On Wednesday, a group of students, faculty and housekeepers, along with local union organizers, delivered a letter to members of the administration critiquing working conditions. The letter was delivered to the Office of the President, the Office of the Treasurer and the Office of Facilities Operations and Maintenance.

The letter demands that the College provide better conditions for housekeepers, specifically calling for the College to hire more workers and purchase more and better equipment. It also contends that the recent wage increase “does not go far enough to address the problems we’re experiencing recruiting and retaining staff.”

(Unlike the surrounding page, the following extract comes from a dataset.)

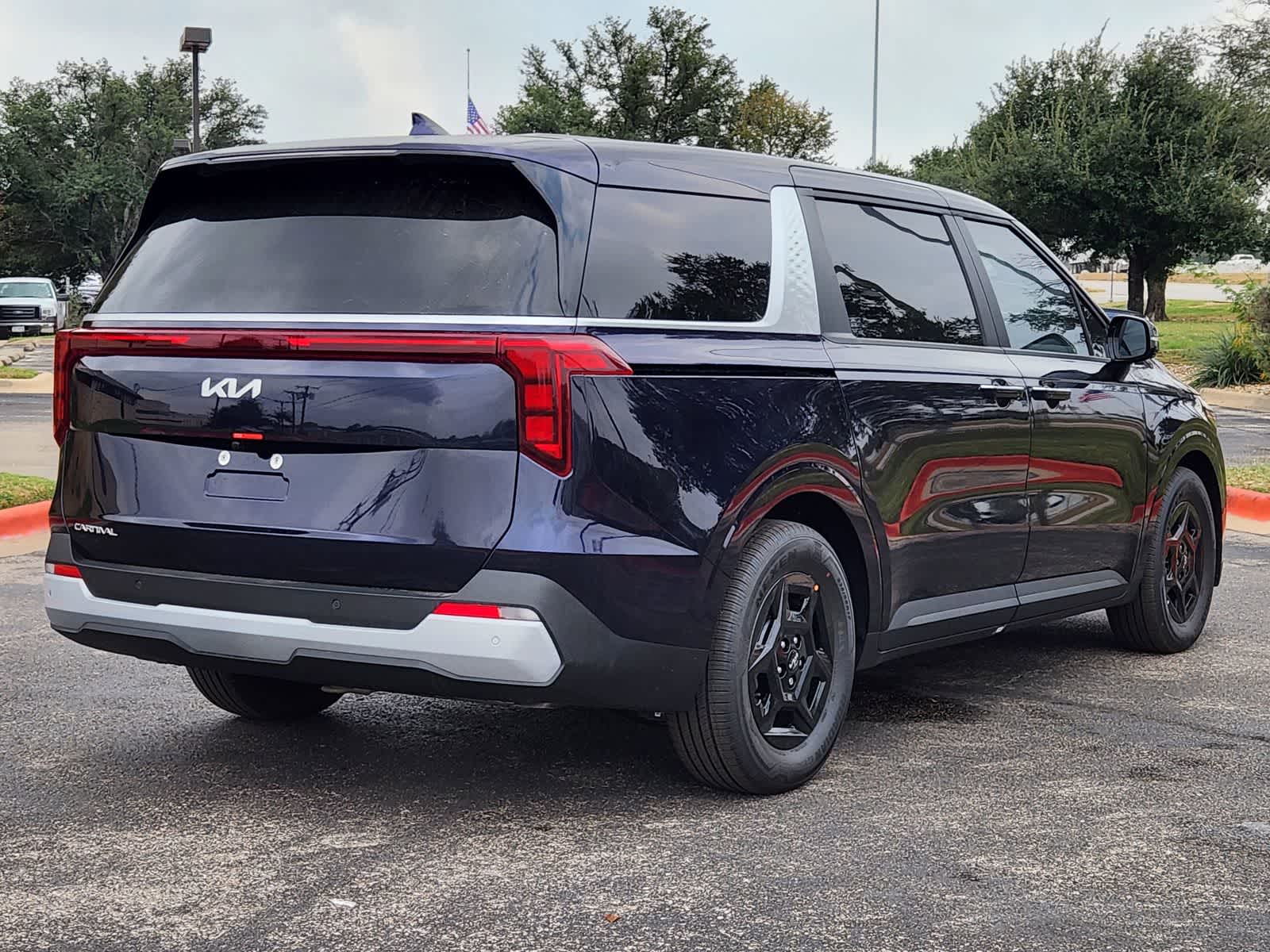 Thumbnail: 2026 Kia Carnival - 5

To Housekeeper Tracey Taylor, there is a difference between what the administration says and how they act.

“They say they want to be a team, but they don’t listen to what we say,” said Taylor.

Housekeeper Sherry Cousins expressed her frustration with the administration.

“It’s been a long time we’ve been putting up with working hard and not really being appreciated for it,” she said. “We don’t have enough staff. When we’re short … we have to do double time and then our buildings get behind, and then we get in trouble.”

“President [Clayton] Rose has received the letter. Since it came from some of the housekeepers, the College will be responding to them directly,” Director of College and Media Relations Doug Cook wrote in an email to the Orient.

The group who delivered the letter included the president of the Maine chapter of the American Federation of Labor and Congress of Industrial Organizations, Cynthia Phinney and Jeff Segars, a local union member currently employed at Bath Iron Works (BIW). Segars expressed his solidarity with the worker’s demands.

“I heard about this and came down to support the housekeepers … we all need a better living and good wages. That’s why I’m here to support them,” he said.

Seagars worked for the Bowdoin groundskeeping crew 20 years ago while on strike from his job at BIW.

“Three of [us] came down from BIW, and back then … we were making $10 an hour … and the people had been here [for decades] were only making a few dollars more than us,” Segars said. “It was disgusting really … and I don’t know much about the wages now, but it doesn’t sound much better.”